Depuis un an, à la saison des pluies, des bateaux à moteur desservent un village. On remonte la rivière, on prend un canal et on traverse un grand lac. Cela nous simplifie la vie, en nous évitant de patauger dans la boue pendant des kilomètres. Une petite évolution dans le secteur.

Sur la mission, nous avons deux communautés de religieuses, une à Tsarahasina, composée de cinq religieuses, et une à Ankiririky, avec trois religieuses. Elles sont toutes occupées entre les écoles, les dispensaires et la pastorale.

La paroisse recense environ 80 000 habitants, dont 2 500 se retrouvent pour prier, le dimanche, dans une des trente-cinq communautés catholiques. 360 d’entre eux peuvent recevoir la communion et environ quarante-deux se sont mariés à l’Église. Comme dans la société, les membres de l’Église sont très jeunes et nous ne pouvons que progresser.
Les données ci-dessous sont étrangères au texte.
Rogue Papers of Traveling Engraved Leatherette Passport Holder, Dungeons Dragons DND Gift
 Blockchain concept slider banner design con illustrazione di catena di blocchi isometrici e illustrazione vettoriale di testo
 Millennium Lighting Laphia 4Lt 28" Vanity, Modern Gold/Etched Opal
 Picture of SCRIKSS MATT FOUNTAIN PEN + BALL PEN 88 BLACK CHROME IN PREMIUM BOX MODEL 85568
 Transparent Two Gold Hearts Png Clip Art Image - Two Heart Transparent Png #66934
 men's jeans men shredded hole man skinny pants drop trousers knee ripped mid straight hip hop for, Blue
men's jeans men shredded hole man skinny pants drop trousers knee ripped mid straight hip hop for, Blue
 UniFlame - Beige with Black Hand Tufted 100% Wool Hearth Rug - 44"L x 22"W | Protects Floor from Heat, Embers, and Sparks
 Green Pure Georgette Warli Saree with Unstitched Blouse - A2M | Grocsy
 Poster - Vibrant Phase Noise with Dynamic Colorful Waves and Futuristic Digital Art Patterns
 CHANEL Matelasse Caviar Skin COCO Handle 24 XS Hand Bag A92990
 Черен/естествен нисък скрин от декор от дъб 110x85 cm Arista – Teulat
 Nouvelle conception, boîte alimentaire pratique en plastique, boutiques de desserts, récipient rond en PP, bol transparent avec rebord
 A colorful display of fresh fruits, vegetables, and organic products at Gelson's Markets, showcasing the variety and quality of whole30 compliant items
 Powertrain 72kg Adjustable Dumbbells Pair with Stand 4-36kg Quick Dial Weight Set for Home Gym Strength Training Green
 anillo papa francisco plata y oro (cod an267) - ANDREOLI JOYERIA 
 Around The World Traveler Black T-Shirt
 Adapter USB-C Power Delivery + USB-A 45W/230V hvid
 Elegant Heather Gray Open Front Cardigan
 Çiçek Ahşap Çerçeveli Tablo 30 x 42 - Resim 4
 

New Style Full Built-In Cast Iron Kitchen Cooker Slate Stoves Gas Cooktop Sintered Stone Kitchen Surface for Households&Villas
Nous continuons à accueillir des volontaires MEP. Ils restent de neuf mois à un an et font un travail extraordinaire dans les écoles, les dispensaires ou sur les chantiers. Ils nous apportent leurs questions, leur regard qui nous oblige à toujours garder notre cœur ouvert et à nous remettre en cause.

 

Merci de votre soutien

Cette année, j’ai passé trois mois et demi en France, je dis un grand merci à ceux que j’ai pu revoir avec beaucoup de joie. Je remercie du fond du cœur tous ceux qui nous soutiennent dans la mission par la prière ou l’envoi d’argent, qui nous permet de continuer les chantiers et d’aider des enfants malades ou encore des étudiants après le bac.

Sur ces quelques nouvelles, je vous souhaite de pouvoir cheminer avec Jésus qui ne déçoit pas ceux qui lui font confiance. L’Église fait, parfois, la une sur des drames, mais il ne faut pas oublier toutes les personnes qui œuvrent dans la discrétion et le dévouement pour témoigner de l’amour de Dieu aux femmes et aux hommes d’aujourd’hui. L’aventure qui a commencé il y a deux mille ans continue dans la confiance et la foi au ressuscité.